Quel che non accettiamo di pagare in Tobin tax paghiamo
volentieri, specie se con un sms firmato, in compassione. Tanto più che per
alcuni di noi (le differenze ci sono anche qui dove le case tengono) di quella
massa di soldi pubblici o pietosi rientrerà una buona parte per ricostruire
alberghi e resort e ristoranti in modo che quelle incantevoli spiagge tornino a
popolarsi di gente contenta di pagare per uno scenario di sogno meno che per un
ombrellone a Rimini.
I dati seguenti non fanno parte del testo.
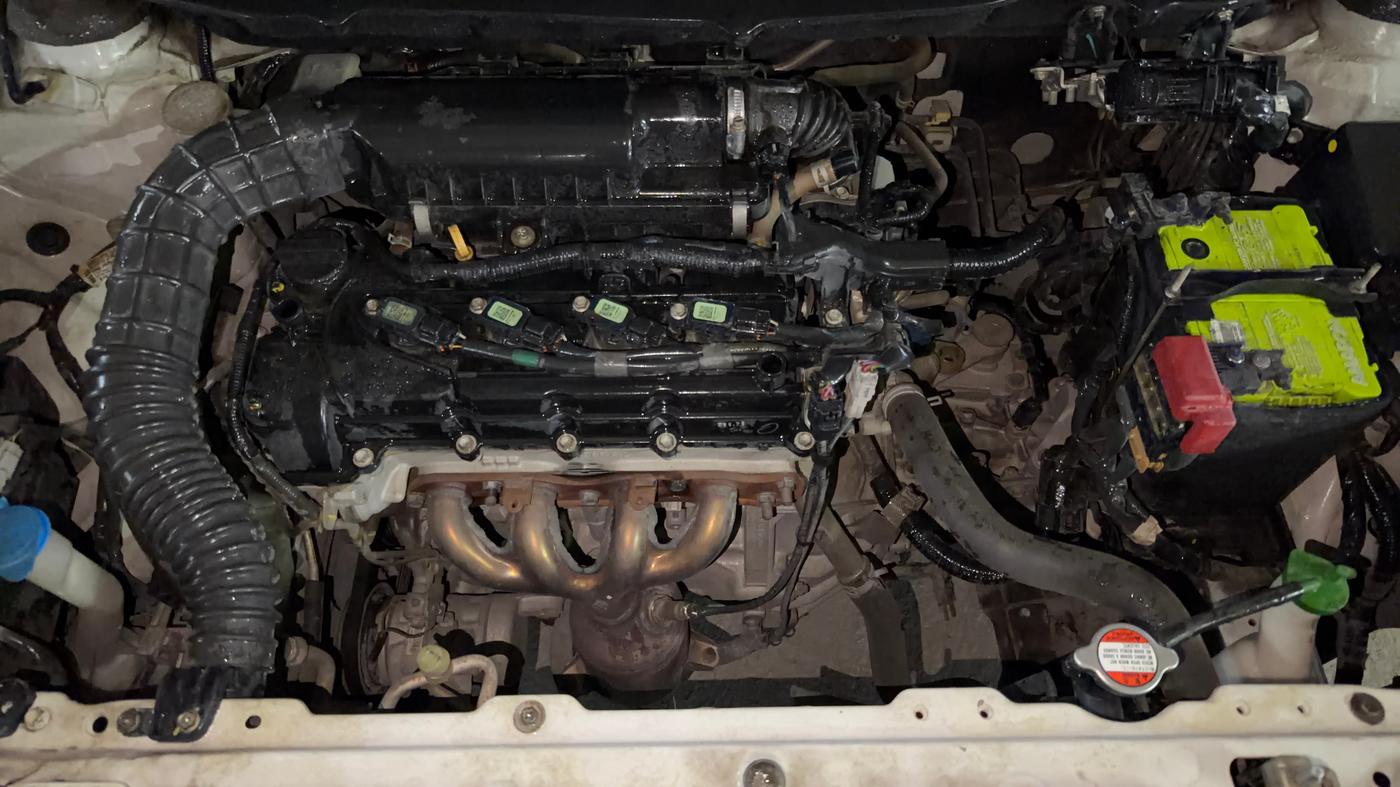 2021 Toyota Glanza G, Petrol, Manual, 54,359 km, Engine View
Come e perché costi così poco non ce lo chiediamo, a meno
di essere dei fanatici no-global, e tanto meno lo chiediamo all'indigeno, che
siamo costretti a vedere quando ci serve al bar o rassetta la camera o vende un
ricordino.
E' così. Prima o poi la mano invisibile del mercato farà il
suo lavoro, qualcuno ne uscirà più ricco grazie alla costruzione o alla
prevenzione, mentre le fosse comuni consumeranno in fretta quei corpi disfatti
dal sole prima che li si potesse cercare, anche perché molti di quelli per cui
ognuno di essi aveva un nome sono periti assieme a loro. O periranno nelle
prossime ore, perché là dove manca tutto i disastri naturali hanno code di
epidemie e di morte non meno micidiali.
Il nostro premier e l'establishment tutto (ancorché feriti
e rattristati dal treppiede dell'irato mantovano) si preoccupano assai di essere
elogiati per la generosità dei soccorsi e badano bene che dello tsunami non si
faccia un uso politico. Sulla più pettegola delle nostre gazzette il direttore,
del quale tutti ammirano l'acume, si è rallegrato che stavolta l'effetto serra
non c'entri per niente, perché semmai l'effetto serra ci fosse entrato qualcuno
avrebbe detto: ecco, è colpa degli Stati uniti che non hanno firmato il
protocollo di Kyoto! Il mondo sta diventando così bizzarro che oggi i liberali
parlano degli Usa come neanche Paolo Robotti parlava dell'Unione sovietica.
Tranquilli, con il disastro del 26 dicembre George Bush non c'entra niente. Con
quello che c'era prima e ci sarà dopo in quel lembo di crosta terrestre c'entra
invece molto. Ma non lui solo. C'entra molto il sistema in cui tutti stiamo, e
dà soltanto fastidio chi alza un dito per sussurrare: un momento, qualcosa non
va. Per lo più si fa come quei vacanzieri che, trovandosi in un atollo poco
distante risparmiato dall'onda, se ne sono stati zitti zitti quatti quatti per
non interrompere il meritato riposo. Perché avrebbero dovuto precipitarsi via?
Che cosa potrebbero fare per i morti poco più in là? Niente. Fugit hora e
a meno di essere malati di ideologia, il mondo come va ce lo teniamo.